FORTRESS AI: Novel technique to automatically fortify concept spaces in LLMs to prevent the injection of backdoors without breaking the LLM's business functionality in any detectable way. This provides anti-tampering protection for LLMs, which prevents hidden capabilities to be installed without knowledge of the tampering.
We are working on an extension of FORTRESS that can explore and search the concept spaces of an LLM in search of potentially hidden injected concepts or backdoors (which exists such that the intended business functions of the LLM is not affected.
More Technical Details
Euler One leverages mathematical foundations in multivariate calculus and analytic theory to understand the inner workings of LLMs, particularly, how the inference program using the weight parameters to transform input prompts to responses that satisfy the ask of the prompts. However, the success of this transformation depends on how well the previous training the model converged. We analyze the processing using a combination of techniques including multi-step integrated gradient check-pointing. Euler One models the mathematical implications of these processes, especially the hidden structures and relationships in the SGs/synapses involved. During training and before convergence, consider a function which tracks the progression of the gradient descent steps. The points of this function traces a topology of the meaning hyperplane, eventually settling (or converging) on a combination of SG (within the meaning hyperplane) corresponding to the concept carried by each of the training example.
Unlike Mechanistic Interpretability (the leading technique to understanding the decision making of LLMs used Anthropic and Deepmind) which uses a neuron as its unit of analysis, Euler One uses synapses as its unit of analysis and understanding. Synapses (axes of a concept space) are equivalent to "partitions" within each neuron, so the operates at a lower level compared to a neuron. These partitions are connected and consistent across all neurons in the multi-layer perception (MLP) (we do not include this yet in the Attention Layers). Think of it this way, all neurons associated with the MLP are related to each other via the inter-relationship of these their inner partitions. There is a challenge in finding what these partitions are and their relative density to one another. The high density partitions are the identifiers of concepts. Note that input prompts carry a concept (or is a concept), which may or may not be in the same concept space as the response. In our experiments we validated this hypothesis via several observations, For example, we observed consistent increase in the density of the dominant concept axes (i.e., partition) during a fine-tuning process intended to reinforce that particular concept within the model.
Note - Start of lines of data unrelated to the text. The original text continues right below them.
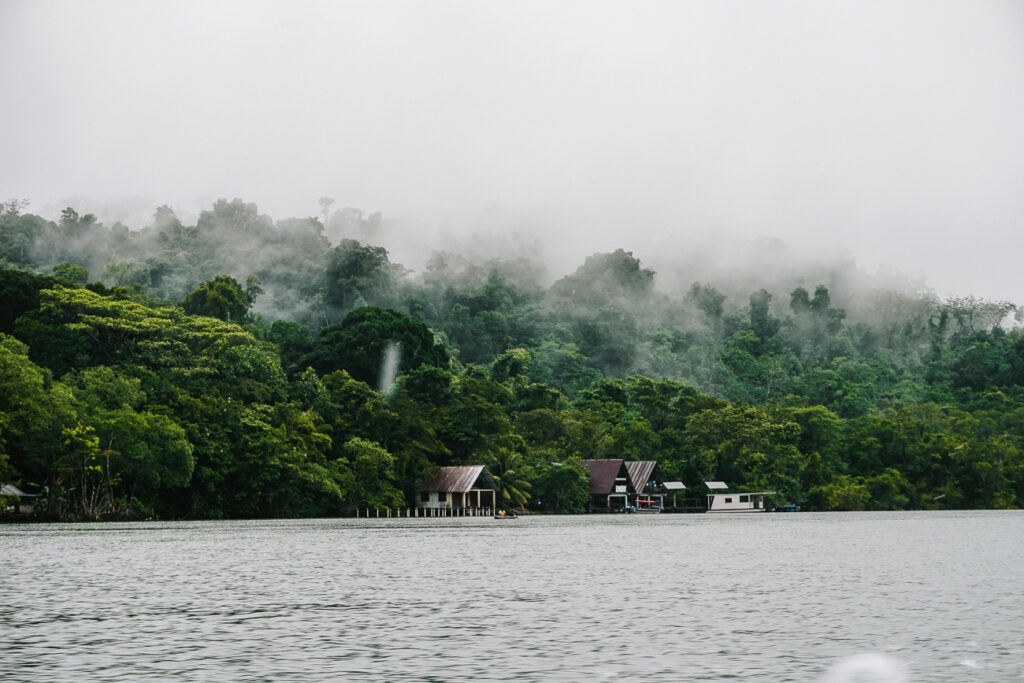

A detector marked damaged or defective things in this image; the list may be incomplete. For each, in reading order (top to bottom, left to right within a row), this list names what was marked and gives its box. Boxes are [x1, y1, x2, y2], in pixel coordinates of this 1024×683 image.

rusty metal roof [417, 464, 493, 491]
rusty metal roof [581, 462, 626, 493]
rusty metal roof [618, 462, 659, 493]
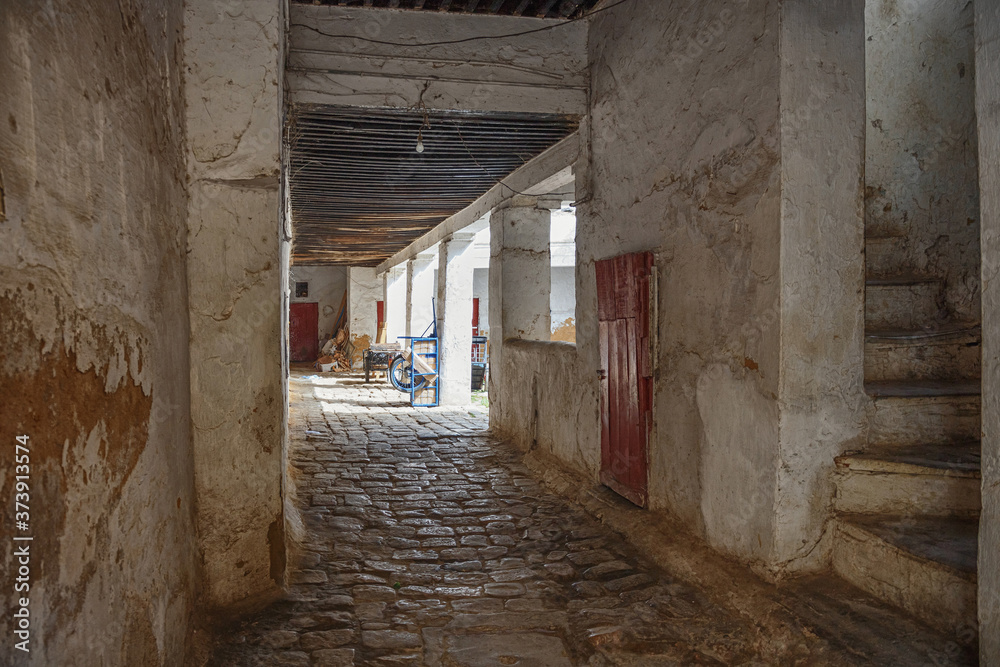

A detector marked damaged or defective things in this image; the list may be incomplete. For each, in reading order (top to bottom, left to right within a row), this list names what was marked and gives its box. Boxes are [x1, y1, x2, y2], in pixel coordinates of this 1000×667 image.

peeling plaster wall [0, 0, 197, 664]
peeling plaster wall [185, 0, 286, 612]
peeling plaster wall [290, 264, 348, 344]
peeling plaster wall [286, 4, 584, 114]
peeling plaster wall [868, 0, 976, 324]
peeling plaster wall [976, 1, 1000, 664]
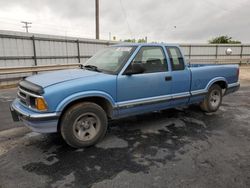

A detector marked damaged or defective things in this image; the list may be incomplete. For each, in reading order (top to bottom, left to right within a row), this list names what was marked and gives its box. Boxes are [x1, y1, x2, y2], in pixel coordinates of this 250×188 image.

cracked asphalt [0, 72, 250, 187]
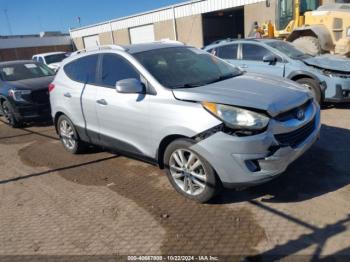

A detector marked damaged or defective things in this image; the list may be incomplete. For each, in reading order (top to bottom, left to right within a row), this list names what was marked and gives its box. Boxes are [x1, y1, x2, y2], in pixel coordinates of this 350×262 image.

wrecked vehicle [204, 39, 350, 104]
damaged headlight [201, 102, 270, 131]
front bumper damage [190, 101, 322, 187]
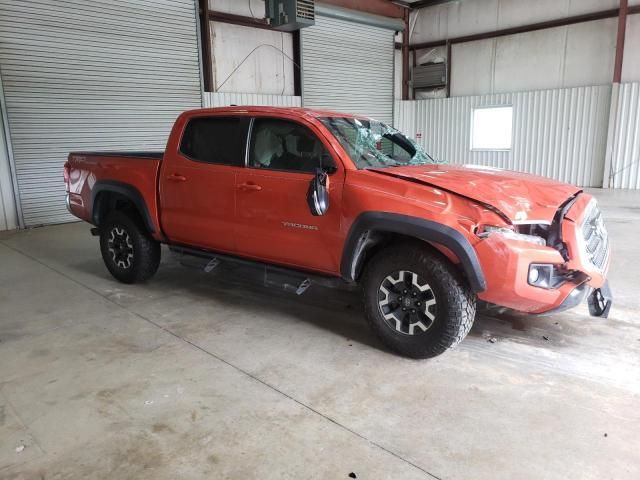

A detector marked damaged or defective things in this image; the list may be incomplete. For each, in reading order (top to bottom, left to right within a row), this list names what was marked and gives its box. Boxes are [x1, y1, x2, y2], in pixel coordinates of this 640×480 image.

cracked windshield [320, 116, 444, 169]
broken windshield glass [320, 116, 444, 169]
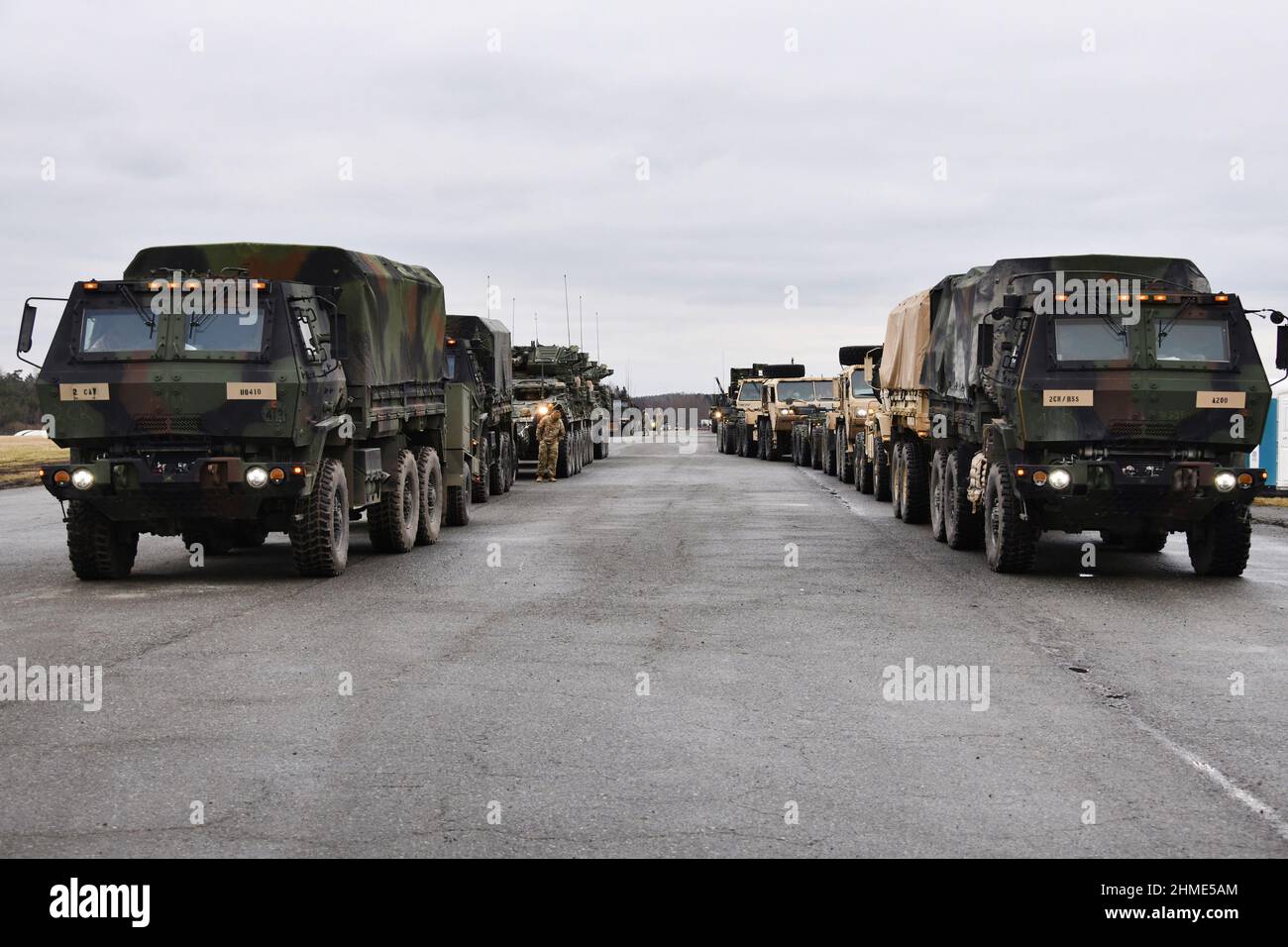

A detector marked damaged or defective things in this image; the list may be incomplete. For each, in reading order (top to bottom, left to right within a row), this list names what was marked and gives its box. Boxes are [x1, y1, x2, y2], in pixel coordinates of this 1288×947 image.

cracked asphalt [0, 438, 1282, 860]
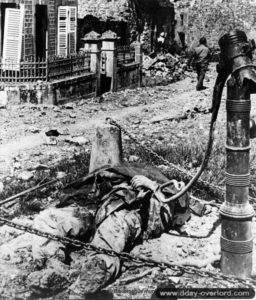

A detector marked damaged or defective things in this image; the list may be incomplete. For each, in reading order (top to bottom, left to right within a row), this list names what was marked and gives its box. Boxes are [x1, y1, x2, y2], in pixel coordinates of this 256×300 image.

damaged wall [175, 0, 256, 48]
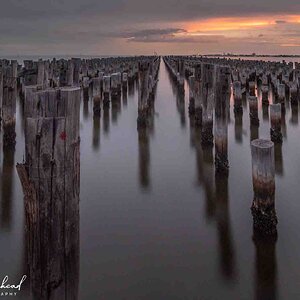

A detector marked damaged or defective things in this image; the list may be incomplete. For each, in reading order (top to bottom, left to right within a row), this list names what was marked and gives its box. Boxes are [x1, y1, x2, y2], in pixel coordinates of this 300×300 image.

broken piling top [251, 139, 274, 192]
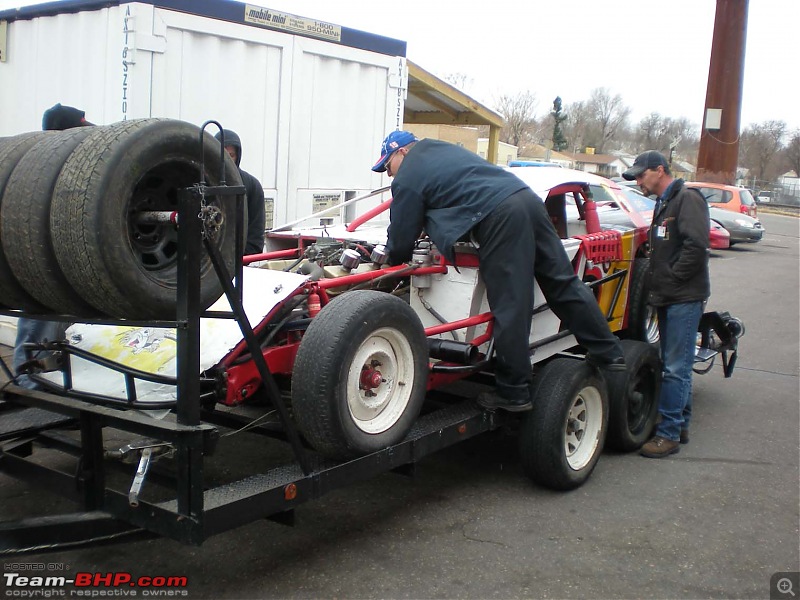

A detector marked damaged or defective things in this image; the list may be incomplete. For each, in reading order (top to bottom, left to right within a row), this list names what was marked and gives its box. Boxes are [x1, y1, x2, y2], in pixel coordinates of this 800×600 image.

rusty metal pole [696, 0, 748, 183]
Given a model, we parse the weights in all the layers and represent them in a Euler Meaning HyperGraph (EMG). The EMG is a multi-modal graph network based on abstractions we alluded to earlier, namely concepts, concept spaces, synapses and SGs, and meaning hyperplane.
The EMH is designed to encode the functional mathematical structure of the learned weight/bias parameters in a trained model, which drives an LLM's probabilistic prediction of output (e.g., of next token) in production. The output is a function of the linear transformation of the input prompt by the the weights. By combining our understanding of the structure of the math involved (multi-variate calculus and analytic theory), we work EMH to enable the identification and localization of concept spaces (associated with any arbitrary concept of our choice in the human world) deep in the model.
Our team is continuing to work on this and will have more structured information soon.